### DATA EXCERPT
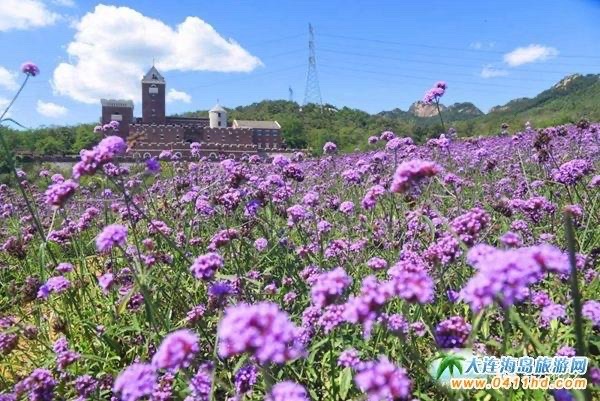 紫云花汐景区旅行图片 2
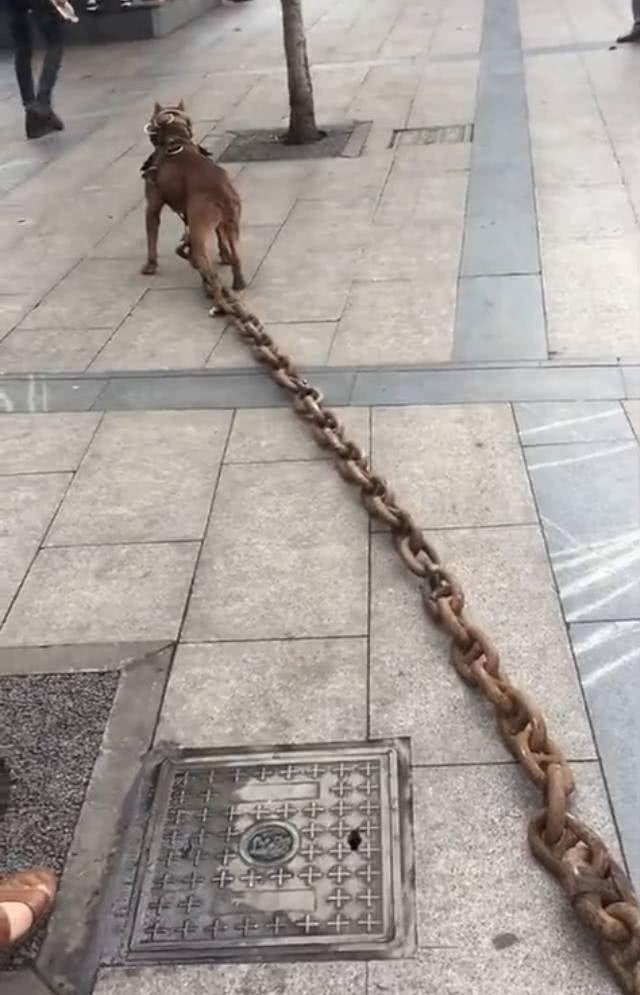 这就有些夸张了,狗脖子上挂百斤的大铁链,这是在训练狗狗?
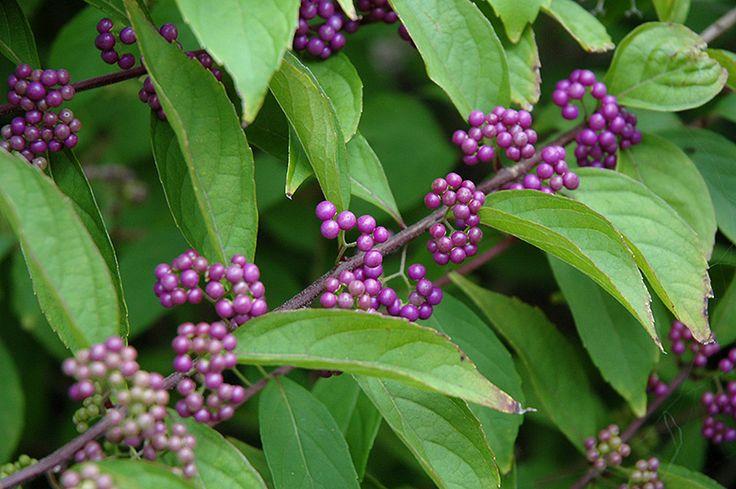 Callicarpa Dichotoma Early Amethyst - View 17 from www redcrocus com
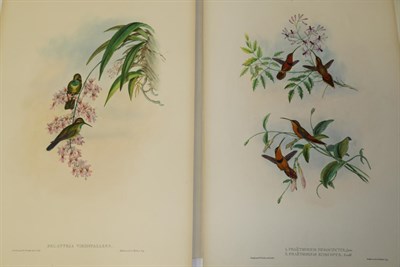 Lot 45 - John Gould (British, 1804-1881) HUMMINGBIRDS Delattria Viridipallens; Nectarinia Insignis;...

### WORK ITEM
Retype the material in full, exactly as written, and exclude the pictures.

### RESPONSE TO THE EXERCISE
 紫云花汐景区旅行图片 2
 这就有些夸张了,狗脖子上挂百斤的大铁链,这是在训练狗狗?
 Callicarpa Dichotoma Early Amethyst - View 17 from www redcrocus com
 Lot 45 - John Gould (British, 1804-1881) HUMMINGBIRDS Delattria Viridipallens; Nectarinia Insignis;...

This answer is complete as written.